La campagne présidentielle de 2012, la plus grotesque qu'il m'ait été donnée de voir, est pour moi d'ores et déjà achevée. Elle a vu son intérêt culminer le dimanche 18 mars à 19 h 00 lors d'une manifestation mémorable réunissant 120 000 personnes. La seule dynamique de campagne en progression était celle de Jean-Luc Mélenchon, plus associative aux dires des anciens qu'en 1981, et d'aussi grande tenue qu'en 1936. Une fuite de la DCRI le 16 mars donnait déjà le candidat du Front de Gauche à un inquiétant 18 % d'intentions de vote.
La campagne démocratique, au tour déjà fort étrange, fut dès lors l'objet d'un traitement médiatique de plus en plus particulier.
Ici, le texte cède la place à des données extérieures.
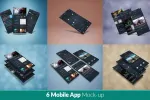 موکاپ برنامه و اپلیکیشن موبایل - 8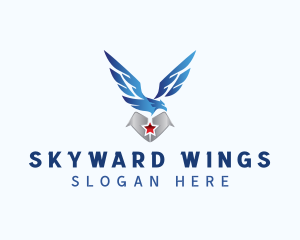 Eagle Wings Aviation logo design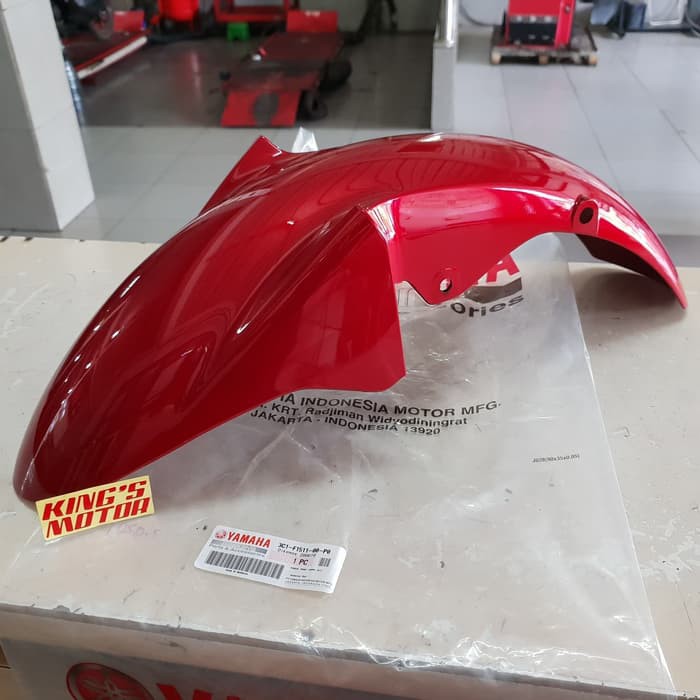 spakbor depan vixion OLD, LAMA (3C1) MERAH MARUN ASLI YAMAHA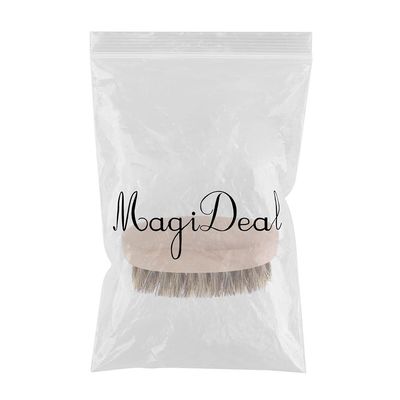 BAZPUR MART Men Professional Shaving Brush Beard Round Wood Facial Cleaning Tool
En effet, douze heures plus tard, le 19 mars à 08h 30, un tueur matutinal et masqué tuait trois enfants et un adulte devant leur école. Cette tuerie immobilisait toute campagne, mettait fin à tout débat autre que sécuritaire, tant le pays fut saisi d'effroi. On eut voulu le faire exprès qu'on n'y serait pas parvenu. C'est un malheureux hasard, dirons-nous. Aujourd'hui, même si le présumé tueur a été tué (paraît-il) on n'a encore aucune preuve juridique qu'il fut bien le coupable de ces meurtres en série, quasiment uniques dans l'histoire contemporaine.
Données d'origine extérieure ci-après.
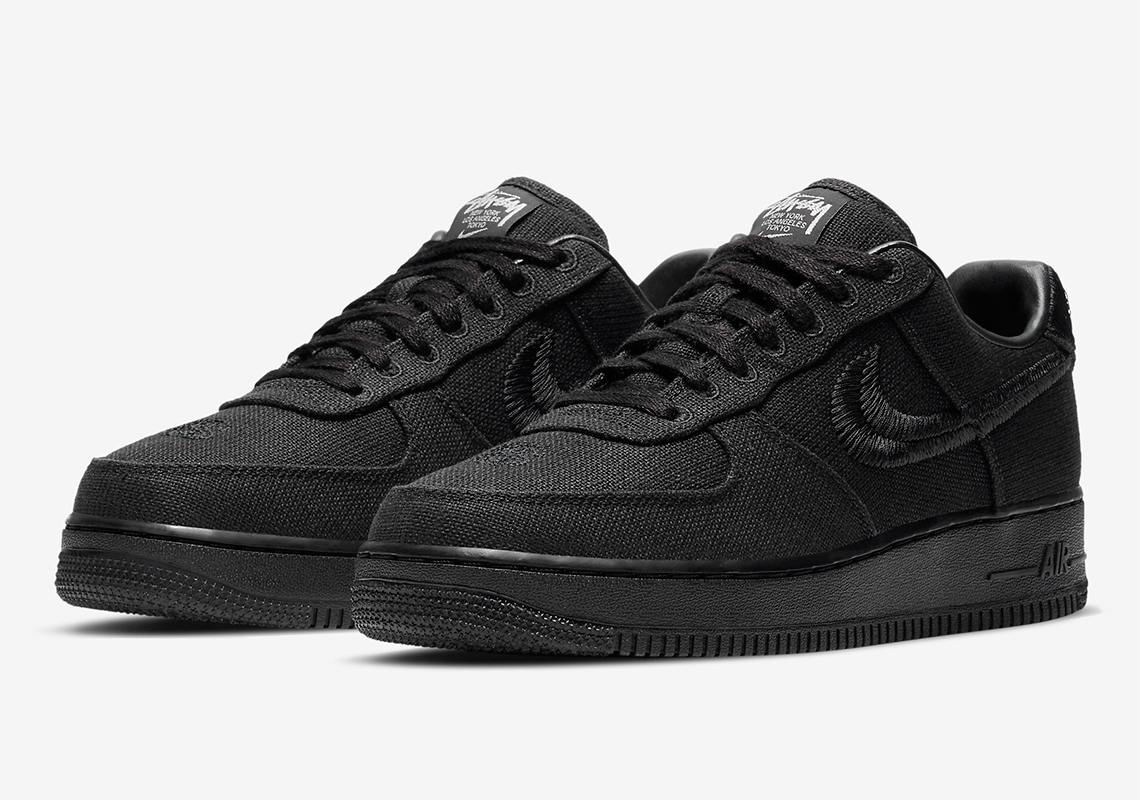 Stussy Nike Air Force 1 Low Black CZ9084-001 Release Date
Tout ceci survint à quelques semaines d'une élection présidentielle, déjà fortement privée de débats contradictoires et centrée sur des sujets aussi subalternes que la viande Hallal ou le permis de conduire. Voilà qui allait remettre un peu de sérieux dans les débats. Mais malheureusement pas sur les sujets du niveau d'une élection de ce genre, pas sur les enjeux réels que le pays affronte. Le contexte international, pourtant au cœur des prérogatives présidentielles, a disparu de la scène médiatique, seule référence de bien des électeurs, hélas. Silence sur le rôle à venir de la France dans ou hors l'Otan, sur la dissuasion nucléaire, encore moins sur le Grand Marché Transatlantique dont personne ne veut jamais parler.
Merah, c'était l'homme qui tombe à pic. Avec 45% des voix à eux deux, Nicolas Sarkozy et Marine Le Pen peuvent consacrer à Saint-Merah un beau cierge tous les soirs avant d'aller se coucher.
Car chaque jour passe avec son lot d'horreurs et d'événements à fort potentiel émotionnel. Toute l'habileté du marketing politique consiste à braquer les projecteurs sur l'un ou l'autre.
Cet événement dramatique intervint alors même qu'un travail de mise en lumière des impasses de la propagande du F.N avait juste commencé de porter ses fruits... Beaucoup de gens ont compris -et ça c'est acquis- que le F.N n'offre aucun point de convergence avec le Front de Gauche, ni sur le logement, ni sur l'éducation, ni sur la santé, ni sur la retraite, ni sur les droits sociaux dans les entreprises, rien. Les citoyens qui votent F.N semblent ne pas croire eux-mêmes au refrains de Mme Le Pen, sinon comment pourraient-ils encourager les inégalités sciemment ?
Le F.N, c'est une expression populaire qui chante faux car le diapason est faux.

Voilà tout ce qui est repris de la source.